Avatar

Prologue

In this article, you will be provided a thorough treatise on an in-house developed tool for parsing and validating CVRF documents aptly named “cvrfparse”. The article is split into two parts. The first part, intended for CVRF document producers and consumers, is a hands-on manual detailing how to use cvrfparse. The second part, intended for burgeoning Python programmers, explores some of the inner workings of the tool.

Introduction

The CVRF parser or “cvrfparse” is a Python-based command line tool that offers simple parsing and validation of CVRF documents. Using it, you can quickly query a CVRF document for any of its contents. For example, let’s say one of your vendors releases a bundle of security advisories encoded in CVRF. There are a dozen individual CVRF documents each with multiple vulnerabilities across hundreds of products. Using cvrfparse, you can quickly ascertain which documents contain vulnerable products you might have installed in your infrastructure. We’ll see how, shortly.

Cvrfparse is a validating parser. Before you start looking for data in a CVRF document, you might want to quickly check to ensure a CVRF document is well-formed and/or valid (in fact you’ll need a well-formed and valid document before you can parse it). This is useful for document producers who provide CVRF content to their customers.
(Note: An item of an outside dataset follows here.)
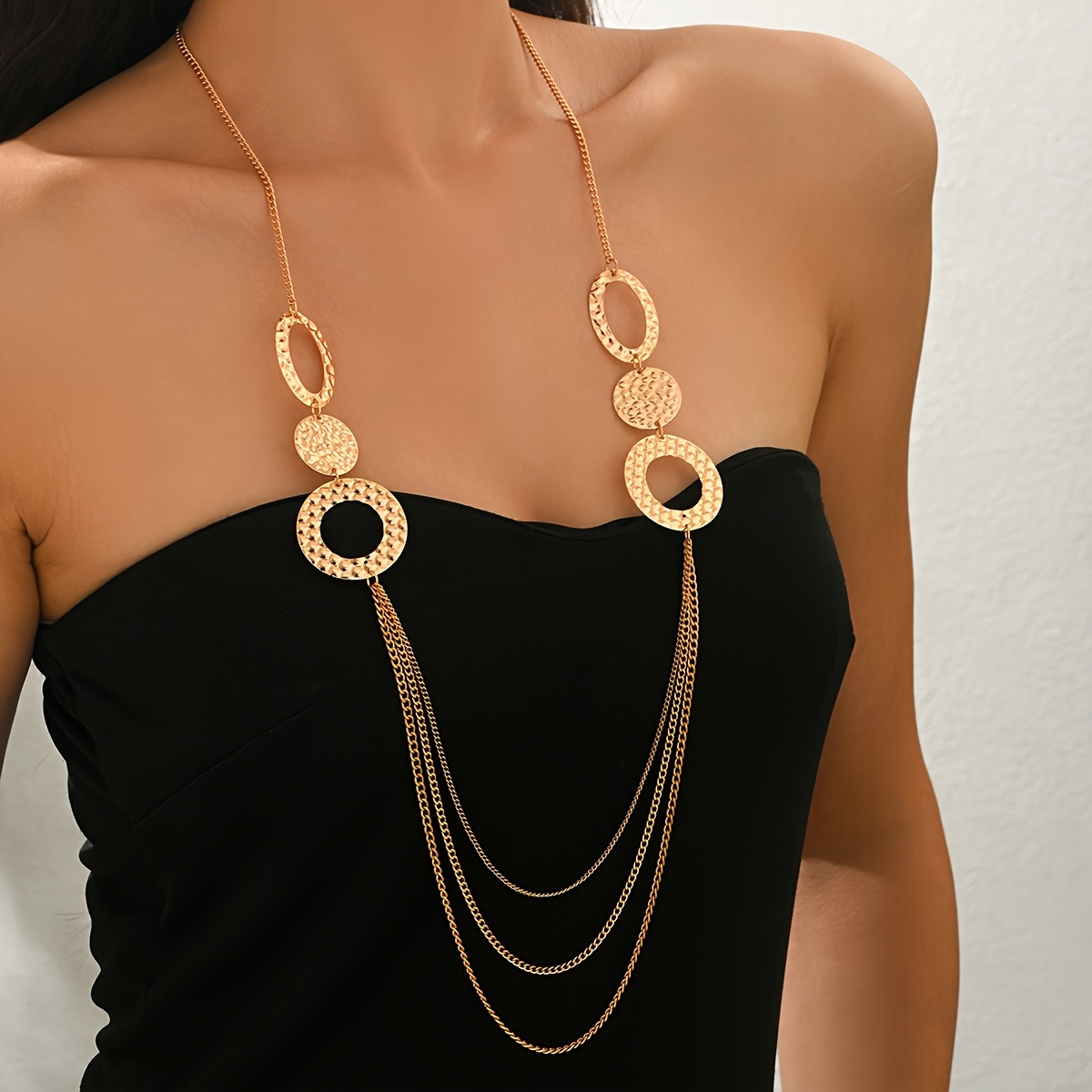 TEMU Un collana a catena facile ed elegante per l' e l'inverno, caratterizzata da un elegante con a testa di martello traforati. Questa lunga collana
Without further ado, let’s get to it and check out the tool. You can download the tool as a Python package from The Python Package Index (PyPI) or check out the source at GitHub. The only third-party code you may need to install is the lxml library. The easiest way to install cvrfparse and all required dependencies is to use pip. A typical invocation would be:

[sb:~] mike% pip install cvrfparse

The sample CVRF document used in the examples below is included in the distribution of the tool.

Need a CVRF Refresher?

If you’re working with CVRF at any level, the two-part CVRF Missing Manual blog series is highly recommended. In fact, savvy readers will notice that the sample CVRF document included with cvrfparse is the same one created for that blog series.

The Tool: Cvrfparse

Before we dive into some examples, let’s first explore all of the options we can specify when using the tool, to do that, we invoke cvrfparse with the “help” switch:

[sb:~/cvrfparse] mike% ./cvrfparse/cvrfparse.py --help
usage: cvrfparse.py [-h] -f FILE
                    [--cvrf [{all,DocumentTitle,DocumentType,DocumentPublisher,DocumentTracking,DocumentNotes,DocumentDistribution,AggregateSeverity,DocumentReferences,Acknowledgments} ...]]
                    [--vuln [{all,Title,ID,Notes,DiscoveryDate,ReleaseDate,Involvements,CVE,CWE,ProductStatuses,Threats,CVSSScoreSets,Remediations,References,Acknowledgments} ...]]
                    [--prod [{all,Branch,FullProductName,Relationship,ProductGroups} ...]]
                    [-c] [-s] [-V] [-S SCHEMA] [-C CATALOG] [-v]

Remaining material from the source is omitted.